YOUR GOAL: Transcribe all of the data exactly. Omit the pictures.

MATERIAL PROVIDED:
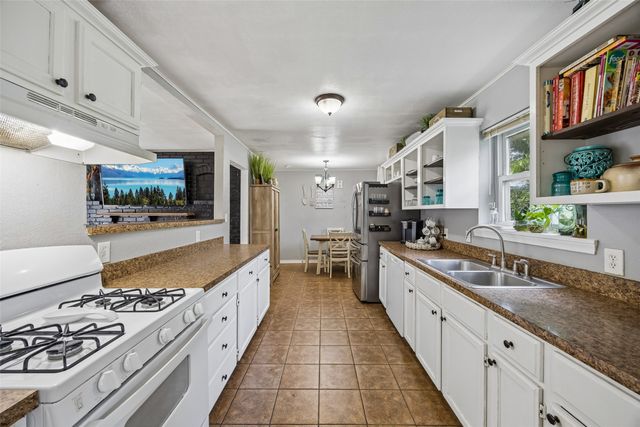 132 W Kenwood Drive, Garland, TX 75041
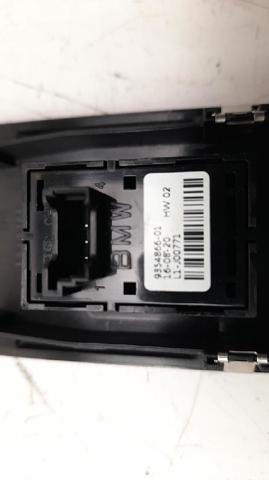 61319354866 BMW Кнопка включения мотора стеклоподъемника передняя правая купить в Винница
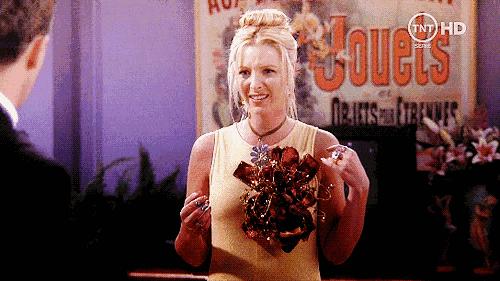 老友记专栏:PheobeBuffay世界以痛吻她,她却报之以歌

EXERCISE RESPONSE:
 132 W Kenwood Drive, Garland, TX 75041
 61319354866 BMW Кнопка включения мотора стеклоподъемника передняя правая купить в Винница
 老友记专栏:PheobeBuffay世界以痛吻她,她却报之以歌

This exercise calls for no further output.